## What you will do
Everything from the first line of the entries below through the line holding "Oil On Wood" must be printed exactly as written.

======

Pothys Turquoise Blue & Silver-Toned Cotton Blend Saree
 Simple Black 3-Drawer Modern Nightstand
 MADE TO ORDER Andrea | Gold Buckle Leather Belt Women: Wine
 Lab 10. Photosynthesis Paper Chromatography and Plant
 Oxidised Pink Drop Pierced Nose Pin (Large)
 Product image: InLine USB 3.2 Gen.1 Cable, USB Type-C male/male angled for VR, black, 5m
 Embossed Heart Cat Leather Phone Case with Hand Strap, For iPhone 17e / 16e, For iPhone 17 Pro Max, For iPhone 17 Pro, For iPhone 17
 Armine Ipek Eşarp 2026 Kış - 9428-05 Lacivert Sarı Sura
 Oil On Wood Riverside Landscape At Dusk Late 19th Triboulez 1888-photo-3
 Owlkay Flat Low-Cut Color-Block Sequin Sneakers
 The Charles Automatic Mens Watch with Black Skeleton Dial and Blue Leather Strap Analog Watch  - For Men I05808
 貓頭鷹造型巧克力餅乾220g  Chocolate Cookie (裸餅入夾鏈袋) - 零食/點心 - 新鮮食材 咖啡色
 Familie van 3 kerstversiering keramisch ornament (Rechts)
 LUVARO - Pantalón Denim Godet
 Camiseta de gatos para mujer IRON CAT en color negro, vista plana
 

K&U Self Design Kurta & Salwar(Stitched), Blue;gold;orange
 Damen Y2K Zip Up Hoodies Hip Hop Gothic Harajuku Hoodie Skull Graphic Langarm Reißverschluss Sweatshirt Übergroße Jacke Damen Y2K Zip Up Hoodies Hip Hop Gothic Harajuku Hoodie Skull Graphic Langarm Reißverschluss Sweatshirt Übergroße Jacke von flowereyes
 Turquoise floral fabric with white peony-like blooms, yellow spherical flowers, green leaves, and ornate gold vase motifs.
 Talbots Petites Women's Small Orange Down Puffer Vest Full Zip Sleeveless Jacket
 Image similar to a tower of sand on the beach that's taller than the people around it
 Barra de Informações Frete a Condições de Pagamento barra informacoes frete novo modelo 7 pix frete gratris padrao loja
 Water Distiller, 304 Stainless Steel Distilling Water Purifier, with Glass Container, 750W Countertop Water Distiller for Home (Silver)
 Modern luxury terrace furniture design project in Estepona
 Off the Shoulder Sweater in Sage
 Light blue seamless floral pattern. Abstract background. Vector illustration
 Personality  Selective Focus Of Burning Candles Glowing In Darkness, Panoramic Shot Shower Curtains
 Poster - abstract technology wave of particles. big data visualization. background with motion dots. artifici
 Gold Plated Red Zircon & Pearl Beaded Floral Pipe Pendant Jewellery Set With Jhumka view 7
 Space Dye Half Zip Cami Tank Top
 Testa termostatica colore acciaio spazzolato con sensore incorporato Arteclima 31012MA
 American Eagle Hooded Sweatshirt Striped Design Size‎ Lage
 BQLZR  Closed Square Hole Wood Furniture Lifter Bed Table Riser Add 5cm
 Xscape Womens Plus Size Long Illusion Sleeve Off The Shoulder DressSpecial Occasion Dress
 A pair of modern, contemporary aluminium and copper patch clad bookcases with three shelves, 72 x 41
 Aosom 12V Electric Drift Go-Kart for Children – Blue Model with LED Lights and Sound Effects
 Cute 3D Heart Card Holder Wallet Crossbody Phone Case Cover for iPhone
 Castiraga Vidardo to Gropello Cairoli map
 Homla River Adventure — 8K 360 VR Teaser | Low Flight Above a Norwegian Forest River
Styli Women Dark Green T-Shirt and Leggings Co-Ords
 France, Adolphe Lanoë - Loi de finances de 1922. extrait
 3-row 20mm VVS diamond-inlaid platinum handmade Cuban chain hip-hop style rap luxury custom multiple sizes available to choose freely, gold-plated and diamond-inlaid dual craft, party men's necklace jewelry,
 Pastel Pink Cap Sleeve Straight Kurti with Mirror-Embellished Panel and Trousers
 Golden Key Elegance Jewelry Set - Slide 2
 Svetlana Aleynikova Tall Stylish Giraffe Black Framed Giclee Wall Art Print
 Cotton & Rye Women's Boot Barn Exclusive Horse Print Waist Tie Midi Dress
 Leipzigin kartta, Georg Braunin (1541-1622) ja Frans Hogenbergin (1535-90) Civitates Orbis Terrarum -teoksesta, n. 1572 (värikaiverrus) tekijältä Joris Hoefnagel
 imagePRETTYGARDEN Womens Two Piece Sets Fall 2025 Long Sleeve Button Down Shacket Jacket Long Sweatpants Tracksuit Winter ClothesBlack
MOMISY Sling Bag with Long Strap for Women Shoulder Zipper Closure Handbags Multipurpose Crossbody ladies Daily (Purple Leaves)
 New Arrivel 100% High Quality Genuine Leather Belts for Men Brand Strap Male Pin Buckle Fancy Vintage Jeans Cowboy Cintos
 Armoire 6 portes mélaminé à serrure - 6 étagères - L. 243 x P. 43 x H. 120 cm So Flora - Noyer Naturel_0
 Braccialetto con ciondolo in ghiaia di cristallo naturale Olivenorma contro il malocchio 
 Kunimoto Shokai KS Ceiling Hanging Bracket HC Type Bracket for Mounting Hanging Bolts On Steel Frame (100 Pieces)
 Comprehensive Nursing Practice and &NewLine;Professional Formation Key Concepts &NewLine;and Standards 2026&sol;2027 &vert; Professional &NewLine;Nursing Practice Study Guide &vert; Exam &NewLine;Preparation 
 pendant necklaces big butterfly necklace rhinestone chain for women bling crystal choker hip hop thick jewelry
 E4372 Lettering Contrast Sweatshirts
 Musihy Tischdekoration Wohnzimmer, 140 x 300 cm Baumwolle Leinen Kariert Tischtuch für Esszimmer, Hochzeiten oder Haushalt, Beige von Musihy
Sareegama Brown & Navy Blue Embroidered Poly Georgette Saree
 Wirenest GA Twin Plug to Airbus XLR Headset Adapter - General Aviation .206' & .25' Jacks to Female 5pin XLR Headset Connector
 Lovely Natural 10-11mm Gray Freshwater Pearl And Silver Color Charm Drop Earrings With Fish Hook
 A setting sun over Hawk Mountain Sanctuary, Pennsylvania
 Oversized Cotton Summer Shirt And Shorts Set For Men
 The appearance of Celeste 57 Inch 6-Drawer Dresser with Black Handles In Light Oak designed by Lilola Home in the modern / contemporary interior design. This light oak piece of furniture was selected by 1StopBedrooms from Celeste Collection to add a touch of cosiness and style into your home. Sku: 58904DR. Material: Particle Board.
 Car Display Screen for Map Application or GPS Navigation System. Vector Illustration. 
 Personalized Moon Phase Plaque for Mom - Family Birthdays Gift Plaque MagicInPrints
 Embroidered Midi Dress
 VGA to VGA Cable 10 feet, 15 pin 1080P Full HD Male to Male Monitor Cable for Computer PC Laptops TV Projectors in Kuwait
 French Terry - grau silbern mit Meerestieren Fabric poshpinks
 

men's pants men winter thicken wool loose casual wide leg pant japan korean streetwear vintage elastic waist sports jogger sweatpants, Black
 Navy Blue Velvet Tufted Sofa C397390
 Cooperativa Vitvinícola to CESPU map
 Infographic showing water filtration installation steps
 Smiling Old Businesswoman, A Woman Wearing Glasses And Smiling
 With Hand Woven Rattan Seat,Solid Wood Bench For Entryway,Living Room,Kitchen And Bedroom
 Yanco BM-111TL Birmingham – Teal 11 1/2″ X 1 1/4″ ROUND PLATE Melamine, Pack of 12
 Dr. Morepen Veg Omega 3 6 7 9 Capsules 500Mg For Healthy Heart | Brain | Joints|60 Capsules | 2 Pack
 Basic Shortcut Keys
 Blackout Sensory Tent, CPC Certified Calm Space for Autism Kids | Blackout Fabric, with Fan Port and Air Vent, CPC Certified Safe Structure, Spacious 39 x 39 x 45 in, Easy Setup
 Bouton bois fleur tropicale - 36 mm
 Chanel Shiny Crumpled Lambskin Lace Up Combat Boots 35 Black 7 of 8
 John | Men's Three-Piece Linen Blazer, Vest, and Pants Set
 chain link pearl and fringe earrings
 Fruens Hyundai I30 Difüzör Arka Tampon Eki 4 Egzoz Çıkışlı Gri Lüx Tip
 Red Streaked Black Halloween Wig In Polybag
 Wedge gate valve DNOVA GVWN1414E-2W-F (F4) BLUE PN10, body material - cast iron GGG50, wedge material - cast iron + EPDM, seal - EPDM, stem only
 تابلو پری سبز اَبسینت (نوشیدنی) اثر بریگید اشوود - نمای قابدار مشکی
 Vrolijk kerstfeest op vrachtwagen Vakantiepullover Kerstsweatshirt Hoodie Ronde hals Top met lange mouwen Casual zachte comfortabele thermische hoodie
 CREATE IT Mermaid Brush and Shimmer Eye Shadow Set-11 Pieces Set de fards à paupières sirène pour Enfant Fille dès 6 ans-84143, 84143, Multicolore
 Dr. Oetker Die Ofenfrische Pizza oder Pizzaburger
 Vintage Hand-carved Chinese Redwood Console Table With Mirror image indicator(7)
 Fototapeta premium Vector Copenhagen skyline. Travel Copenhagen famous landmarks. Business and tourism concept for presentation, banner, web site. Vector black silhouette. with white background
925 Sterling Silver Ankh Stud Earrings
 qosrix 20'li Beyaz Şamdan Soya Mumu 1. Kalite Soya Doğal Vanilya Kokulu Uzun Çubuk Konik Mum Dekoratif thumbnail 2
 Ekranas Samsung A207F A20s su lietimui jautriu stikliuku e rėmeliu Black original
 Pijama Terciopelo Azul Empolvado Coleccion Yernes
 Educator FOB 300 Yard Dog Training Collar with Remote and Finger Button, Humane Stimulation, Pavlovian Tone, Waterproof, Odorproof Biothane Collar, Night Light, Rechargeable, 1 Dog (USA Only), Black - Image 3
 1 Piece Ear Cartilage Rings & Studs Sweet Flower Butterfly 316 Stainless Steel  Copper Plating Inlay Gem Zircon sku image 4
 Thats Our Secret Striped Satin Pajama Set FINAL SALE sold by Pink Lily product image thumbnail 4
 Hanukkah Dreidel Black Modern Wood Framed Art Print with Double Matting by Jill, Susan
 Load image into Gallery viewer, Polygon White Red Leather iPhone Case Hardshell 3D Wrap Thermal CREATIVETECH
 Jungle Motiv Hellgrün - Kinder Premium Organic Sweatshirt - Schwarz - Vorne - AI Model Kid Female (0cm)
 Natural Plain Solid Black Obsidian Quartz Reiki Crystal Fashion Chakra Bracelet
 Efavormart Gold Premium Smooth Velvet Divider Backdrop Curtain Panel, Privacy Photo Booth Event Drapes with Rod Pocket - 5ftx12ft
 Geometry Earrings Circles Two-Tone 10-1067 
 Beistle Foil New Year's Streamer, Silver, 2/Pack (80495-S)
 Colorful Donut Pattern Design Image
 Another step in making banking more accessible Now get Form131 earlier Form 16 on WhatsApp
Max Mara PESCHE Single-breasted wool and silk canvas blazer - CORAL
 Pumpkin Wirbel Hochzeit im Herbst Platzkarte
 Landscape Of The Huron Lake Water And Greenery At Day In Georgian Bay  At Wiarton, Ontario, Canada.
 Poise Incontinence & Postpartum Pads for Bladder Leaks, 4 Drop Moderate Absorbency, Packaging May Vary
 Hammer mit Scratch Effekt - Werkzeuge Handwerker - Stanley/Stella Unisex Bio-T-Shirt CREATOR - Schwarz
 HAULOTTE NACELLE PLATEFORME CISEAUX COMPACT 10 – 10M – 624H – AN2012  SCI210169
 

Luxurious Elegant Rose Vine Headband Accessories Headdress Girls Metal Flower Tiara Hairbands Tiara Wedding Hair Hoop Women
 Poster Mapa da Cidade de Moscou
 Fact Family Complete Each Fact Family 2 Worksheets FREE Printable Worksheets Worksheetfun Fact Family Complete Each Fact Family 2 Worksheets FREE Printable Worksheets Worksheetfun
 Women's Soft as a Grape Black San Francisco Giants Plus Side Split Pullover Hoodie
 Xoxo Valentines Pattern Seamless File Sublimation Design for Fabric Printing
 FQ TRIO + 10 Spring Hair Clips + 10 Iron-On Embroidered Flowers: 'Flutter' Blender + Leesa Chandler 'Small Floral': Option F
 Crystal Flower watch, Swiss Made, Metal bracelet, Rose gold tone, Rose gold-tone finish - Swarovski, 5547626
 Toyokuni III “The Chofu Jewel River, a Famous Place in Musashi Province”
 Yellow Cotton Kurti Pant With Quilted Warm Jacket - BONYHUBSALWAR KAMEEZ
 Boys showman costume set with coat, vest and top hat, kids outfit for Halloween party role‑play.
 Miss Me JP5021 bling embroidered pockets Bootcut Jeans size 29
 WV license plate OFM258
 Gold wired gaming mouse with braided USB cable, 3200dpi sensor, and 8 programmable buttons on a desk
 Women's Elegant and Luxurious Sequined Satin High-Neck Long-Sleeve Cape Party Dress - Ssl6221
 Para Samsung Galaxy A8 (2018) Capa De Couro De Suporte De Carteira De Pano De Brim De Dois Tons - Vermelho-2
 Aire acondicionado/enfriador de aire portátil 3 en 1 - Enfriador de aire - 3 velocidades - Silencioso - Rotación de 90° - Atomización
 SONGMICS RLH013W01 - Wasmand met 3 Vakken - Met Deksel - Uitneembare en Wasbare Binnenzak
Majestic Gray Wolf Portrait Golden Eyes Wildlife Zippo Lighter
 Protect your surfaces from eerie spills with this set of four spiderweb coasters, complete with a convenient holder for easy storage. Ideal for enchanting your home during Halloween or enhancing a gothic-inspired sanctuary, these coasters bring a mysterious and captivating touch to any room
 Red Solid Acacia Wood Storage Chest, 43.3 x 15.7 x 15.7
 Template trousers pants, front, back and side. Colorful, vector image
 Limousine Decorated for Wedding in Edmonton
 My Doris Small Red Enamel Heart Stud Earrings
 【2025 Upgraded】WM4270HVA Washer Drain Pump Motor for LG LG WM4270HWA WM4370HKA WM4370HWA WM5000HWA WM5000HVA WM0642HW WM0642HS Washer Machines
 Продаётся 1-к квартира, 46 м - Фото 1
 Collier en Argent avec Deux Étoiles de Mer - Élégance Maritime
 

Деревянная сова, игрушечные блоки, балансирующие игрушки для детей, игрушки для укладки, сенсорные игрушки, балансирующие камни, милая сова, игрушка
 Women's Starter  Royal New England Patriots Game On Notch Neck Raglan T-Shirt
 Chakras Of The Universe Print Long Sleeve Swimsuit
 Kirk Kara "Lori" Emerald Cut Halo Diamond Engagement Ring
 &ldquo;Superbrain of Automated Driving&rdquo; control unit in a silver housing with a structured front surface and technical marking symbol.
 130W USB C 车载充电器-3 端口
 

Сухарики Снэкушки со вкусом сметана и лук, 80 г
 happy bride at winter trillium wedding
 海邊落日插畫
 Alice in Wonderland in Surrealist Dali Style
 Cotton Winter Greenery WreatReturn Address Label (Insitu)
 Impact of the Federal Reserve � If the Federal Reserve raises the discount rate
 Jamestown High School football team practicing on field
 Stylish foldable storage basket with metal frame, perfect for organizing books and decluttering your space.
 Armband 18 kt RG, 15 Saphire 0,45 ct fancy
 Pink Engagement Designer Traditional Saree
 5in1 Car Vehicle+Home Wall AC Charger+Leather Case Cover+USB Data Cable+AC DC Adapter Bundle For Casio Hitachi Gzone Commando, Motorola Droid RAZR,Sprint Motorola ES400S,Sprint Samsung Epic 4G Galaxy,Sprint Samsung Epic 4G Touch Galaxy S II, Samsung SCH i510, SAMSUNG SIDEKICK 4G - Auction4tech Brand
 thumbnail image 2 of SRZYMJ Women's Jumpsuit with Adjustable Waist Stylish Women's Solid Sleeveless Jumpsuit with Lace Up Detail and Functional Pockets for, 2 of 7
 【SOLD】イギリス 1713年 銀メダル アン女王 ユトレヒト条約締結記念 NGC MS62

======

## Completed task
Pothys Turquoise Blue & Silver-Toned Cotton Blend Saree
 Simple Black 3-Drawer Modern Nightstand
 MADE TO ORDER Andrea | Gold Buckle Leather Belt Women: Wine
 Lab 10. Photosynthesis Paper Chromatography and Plant
 Oxidised Pink Drop Pierced Nose Pin (Large)
 Product image: InLine USB 3.2 Gen.1 Cable, USB Type-C male/male angled for VR, black, 5m
 Embossed Heart Cat Leather Phone Case with Hand Strap, For iPhone 17e / 16e, For iPhone 17 Pro Max, For iPhone 17 Pro, For iPhone 17
 Armine Ipek Eşarp 2026 Kış - 9428-05 Lacivert Sarı Sura
 Oil On Wood Riverside Landscape At Dusk Late 19th Triboulez 1888-photo-3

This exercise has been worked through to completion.